1. S’assurer que ses forces de sécurité respectent les Principes de base sur le recours à la force et l’utilisation des armes à feu par les responsables de l’application des lois et que les troupes affectées à Ambon sont entièrement équipées de méthodes non létales de contrôle des foules. Le principe selon lequel « les responsables de l’application des lois, dans l’exercice de leurs fonctions, doivent, dans la mesure du possible, utiliser des moyens non violents avant de recourir à la force et aux armes à feu. Ils ne peuvent recourir à la force et aux armes à feu que si les autres moyens restent inefficaces ou sans promesse d’atteindre le résultat escompté. »

2. Enquêter sur les accusations de partialité dans le comportement des forces de sécurité. Dans de nombreuses flambées de violence jusqu’à présent, notamment la fusillade le 1er mars de quatre personnes à l’extérieur d’une mosquée et le conflit sur l’île de Haruku le 14 février, les musulmans ont accusé le personnel de la police ambonaise chrétienne de prendre part aux attaques contre eux.De même, les chrétiens ont accusé les renforts de troupes envoyés par le commandement Wirabuana de l’armée indonésienne, basé à Ujung Pandang, Sulawesi, de se ranger du côté des villageois musulmans dans plusieurs affrontements. Le fait que le commandement Wirabuana soit dirigé par un Ambonais musulman et que certains des musulmans impliqués dans le conflit d’Ambon appartiennent à l’ethnie Bugis et sont originaires de la région d’Ujung Pandang ne contribue guère à dissiper les soupçons de partialité. Une enquête impartiale et indépendante, pas nécessairement sur chaque flambée de violence qui a eu lieu, mais au moins sur trois ou quatre affrontements majeurs où la partialité a été alléguée, serait utile.

Dans le même temps, les enquêteurs indépendants devraient travailler avec les chefs de village locaux (raja) et les dirigeants communautaires pour examiner les rapports qui ont été produits par les deux parties afin d’identifier les points de convergence et de divergence et utiliser ces résultats pour comprendre comment les perceptions ont alimenté le conflit.

À ce stade, enquêter sur l’ensemble du conflit peut représenter un effort trop énorme, mais différents incidents pourraient se prêter à cette approche, notamment l’épidémie initiale du 19 janvier, l’incendie des marchés de la ville les 19 et 20 janvier, l’attaque de BentengKarang le 20 janvier, le conflit de Haruku le 14 février et les fusillades à Ambon le 1er mars. Il s’agirait de faire comprendre aux communautés locales qu’il y a deux côtés à chaque incident, et que souvent, les deux partagent la responsabilité de la violence et en sont victimes.

3. Éviter à tout prix l’imposition d’un état d' »urgence civile » à Ambon et dans les îles environnantes.Cette option est actuellement examinée par les ministres du Cabinet à Jakarta et a été recommandée par certains dirigeants locaux à Ambon. Avec l’exacerbation très nette de la situation causée par la présence de forces de sécurité avec des ordres de tirer sur place, des mesures supplémentaires qui permettent aux militaires de contourner les garanties normales des droits civils sont susceptibles d’aggraver encore les choses.

4. Faire absolument clair dans toutes les déclarations publiques et les interviews que les chrétiens et les musulmans ont subi des pertes terribles. Les médias indonésiens et internationaux ont eu une fâcheuse tendance à citer des sources d’un seul côté du conflit. Ces reportages alimentent les tensions communautaires à Ambon, contribuant à alimenter la colère d’une partie contre l’autre.
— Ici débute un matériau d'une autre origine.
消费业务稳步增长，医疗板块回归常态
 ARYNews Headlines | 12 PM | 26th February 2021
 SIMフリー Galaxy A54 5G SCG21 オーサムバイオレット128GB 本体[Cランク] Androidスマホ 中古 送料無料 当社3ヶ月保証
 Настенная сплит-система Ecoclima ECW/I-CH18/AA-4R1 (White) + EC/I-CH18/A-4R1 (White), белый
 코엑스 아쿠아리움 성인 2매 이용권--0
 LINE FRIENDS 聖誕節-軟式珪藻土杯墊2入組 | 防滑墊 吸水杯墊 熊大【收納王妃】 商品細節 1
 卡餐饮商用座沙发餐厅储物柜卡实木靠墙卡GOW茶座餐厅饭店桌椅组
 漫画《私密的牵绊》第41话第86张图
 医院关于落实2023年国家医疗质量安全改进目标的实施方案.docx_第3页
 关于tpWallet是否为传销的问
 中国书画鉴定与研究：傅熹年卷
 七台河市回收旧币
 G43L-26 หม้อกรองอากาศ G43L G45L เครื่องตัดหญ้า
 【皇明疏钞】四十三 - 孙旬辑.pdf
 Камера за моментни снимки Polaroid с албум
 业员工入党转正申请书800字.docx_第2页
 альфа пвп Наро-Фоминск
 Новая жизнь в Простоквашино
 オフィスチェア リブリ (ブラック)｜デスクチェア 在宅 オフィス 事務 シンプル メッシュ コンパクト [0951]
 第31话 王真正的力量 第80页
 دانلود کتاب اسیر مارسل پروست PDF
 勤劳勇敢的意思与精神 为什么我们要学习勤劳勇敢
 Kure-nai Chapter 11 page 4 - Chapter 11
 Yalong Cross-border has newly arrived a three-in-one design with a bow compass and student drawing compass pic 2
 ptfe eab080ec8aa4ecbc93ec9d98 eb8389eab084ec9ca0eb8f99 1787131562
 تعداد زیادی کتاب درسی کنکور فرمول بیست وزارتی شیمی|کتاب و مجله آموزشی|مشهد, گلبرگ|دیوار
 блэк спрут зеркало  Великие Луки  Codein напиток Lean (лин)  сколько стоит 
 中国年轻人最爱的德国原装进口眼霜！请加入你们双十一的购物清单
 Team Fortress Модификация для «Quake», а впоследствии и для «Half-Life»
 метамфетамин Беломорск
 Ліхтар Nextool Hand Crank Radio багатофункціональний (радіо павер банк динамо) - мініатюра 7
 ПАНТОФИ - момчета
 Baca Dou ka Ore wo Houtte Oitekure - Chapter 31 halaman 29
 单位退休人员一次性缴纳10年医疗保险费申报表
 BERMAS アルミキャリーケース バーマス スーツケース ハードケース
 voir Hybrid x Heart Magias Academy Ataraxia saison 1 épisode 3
5. Trouver et poursuivre les provocateurs.Si le général Wiranto et d’autres hauts responsables du gouvernement disposent de suffisamment d’informations pour reconnaître, comme ils l’ont fait, que les provocateurs ont joué un rôle dans l’éclatement initial de la violence, ils ont l’obligation de rendre publique la nature de leurs preuves et de faire tout leur possible pour s’assurer que ces individus sont trouvés et poursuivis dans toute la mesure de la loi.

6. entreprendre une étude approfondie sur les causes politiques, économiques et démographiques sous-jacentes de la tension et préparer des recommandations sur la façon de les aborder qui peuvent être discutées et débattues à Ambon.

7. s’assurer que les organisations humanitaires internationales, non religieuses, soient autorisées à accéder pleinement à Ambon et aux îles environnantes pour aider les blessés et les déplacés. Le besoin n’est pas tant de fournir de la nourriture et des médicaments que de trouver un moyen de distribuer les fournitures existantes de manière sûre et impartiale.

8. S’assurer que les droits des personnes déplacées à l’intérieur d’Ambon sont pleinement protégés conformément aux « principes directeurs sur le déplacement interne » préparés par le Bureau de la coordination des affaires humanitaires des Nations Unies.

II. CONTEXTE

Ambon est le nom d’une ville et d’une île, et le terme « Ambonais » décrit une zone culturelle qui englobe plusieurs des îles du district de Central Maluku, province de Maluku, Indonésie. Ces îles comprennent Ambon, Saparua, Haruku, Buru, Manipa, Nusalaut et Ceram. Depuis le XVIe siècle, la population autochtone d’Ambon est divisée de manière relativement égale entre chrétiens et musulmans.2 Dans la plupart des cas, les uns et les autres vivent dans des villages négatifs distincts, et même dans les villages mixtes, ils ont tendance à vivre dans des kampungs ou des quartiers séparés.En outre, de nombreux migrants de l’ethnie butonaise du sud-est de Sulawesi, une grande île située à l’ouest d’Ambon, et des ethnies Bugis et Makassarese, du sud de Sulawesi, se sont installés dans leurs propres kampungs. Ces migrants sont en grande majorité musulmans et dominent le commerce de détail à petite échelle et les réseaux de transport.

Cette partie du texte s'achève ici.